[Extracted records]
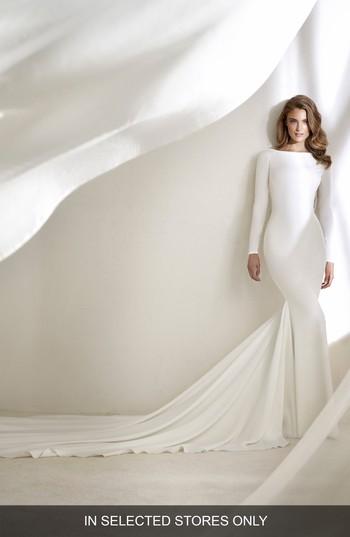 Wedding - Atelier Pronovias Resal Fringe Back Mermaid Gown 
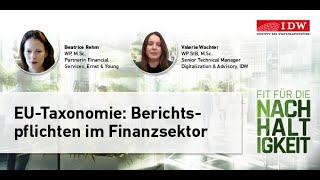 14 EUTaxonomie Berichtspflichten im Finanzsektor [upl. by Enaira236]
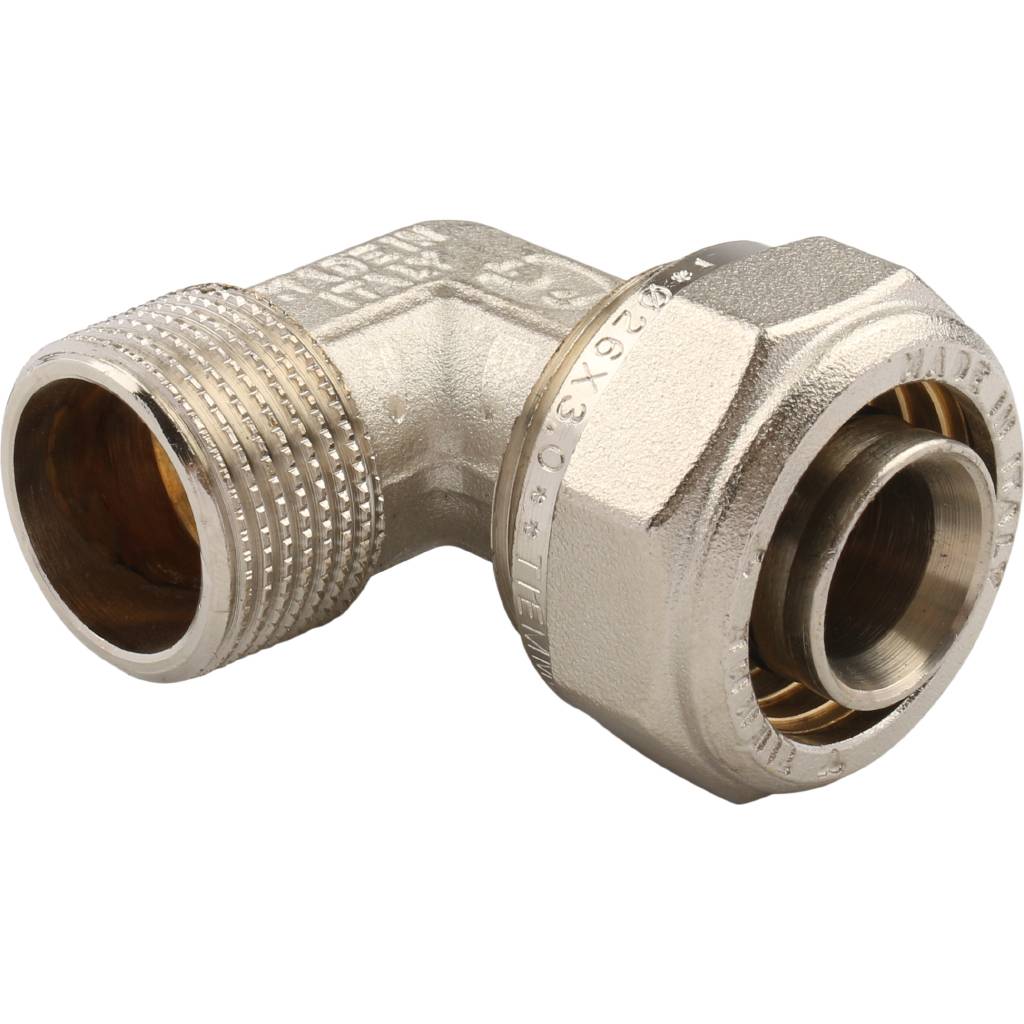 Угольник TIEMME с наружной резьбой (26х3.0х3/4) для металлопластиковых труб винтовой, 1600050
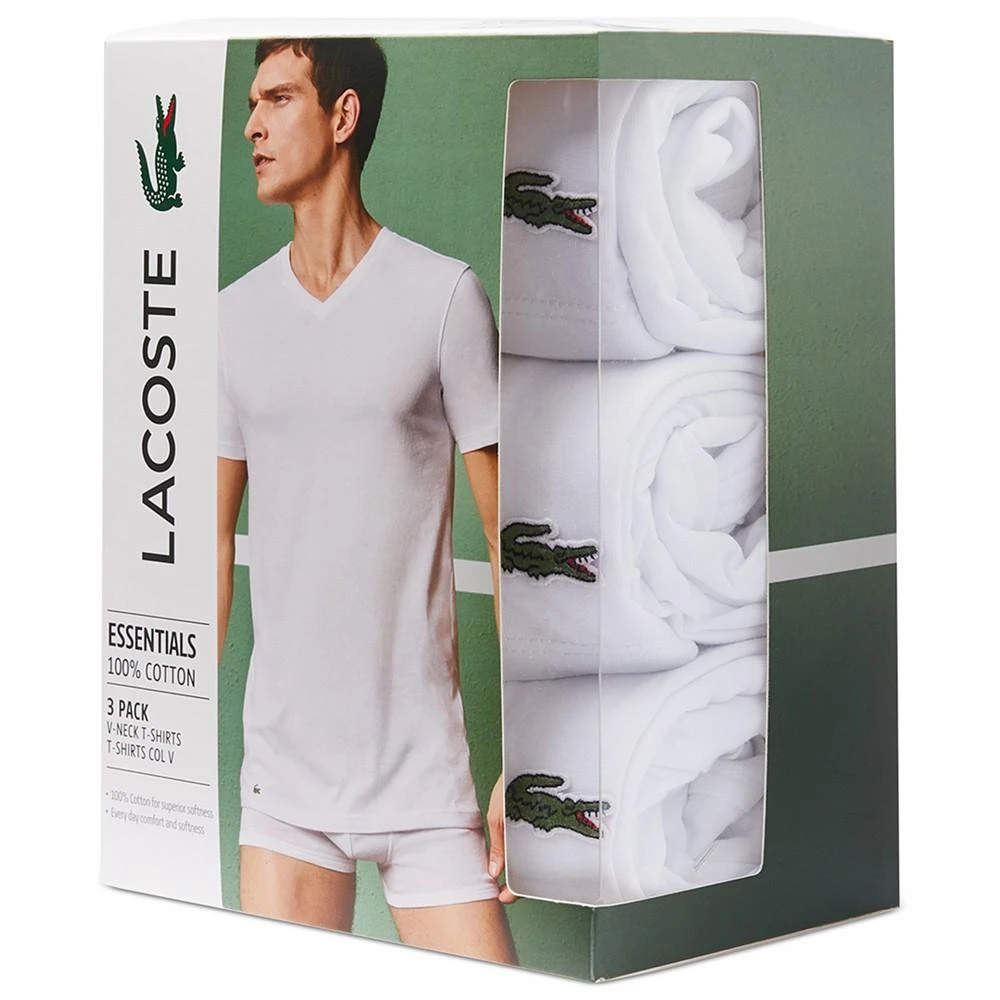 商品Lacoste|Men's V-Neck Lounge Slim Fit Undershirt Set, 3-Piece,价格¥311,第4张图片详细描述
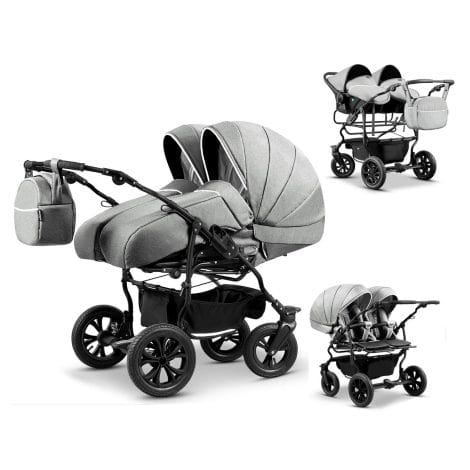 Carro para bebés de dos asientos con tres piezas. Incluye capazos, sillas, grupo 0 y accesorios. Modelo Duet Lux Elcar BBtwin en color gris.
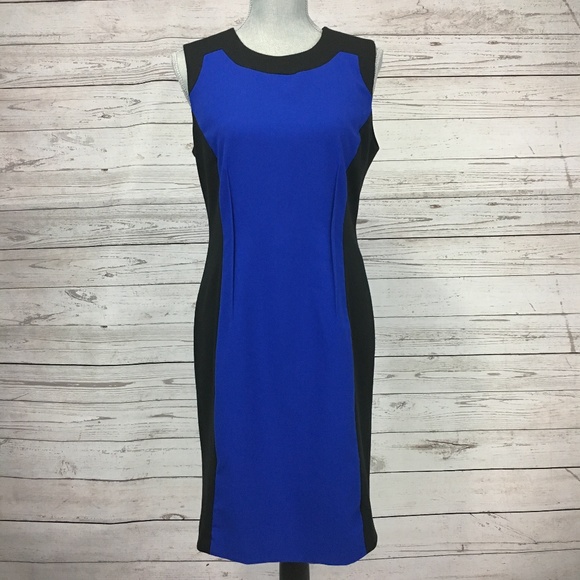 calvin klein blue and black dress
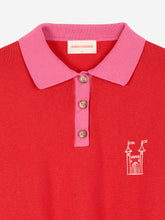 Load image into Gallery viewer, BOBO CHOSES | Colour Block Faraway Castle Polo Jumper | Red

§ **Problem details**: Could you write out the records again exactly, omitting each image?

§ **Output for this exercise**:
 Wedding - Atelier Pronovias Resal Fringe Back Mermaid Gown 
 14 EUTaxonomie Berichtspflichten im Finanzsektor [upl. by Enaira236]
 Угольник TIEMME с наружной резьбой (26х3.0х3/4) для металлопластиковых труб винтовой, 1600050
 商品Lacoste|Men's V-Neck Lounge Slim Fit Undershirt Set, 3-Piece,价格¥311,第4张图片详细描述
 Carro para bebés de dos asientos con tres piezas. Incluye capazos, sillas, grupo 0 y accesorios. Modelo Duet Lux Elcar BBtwin en color gris.
 calvin klein blue and black dress
 Load image into Gallery viewer, BOBO CHOSES | Colour Block Faraway Castle Polo Jumper | Red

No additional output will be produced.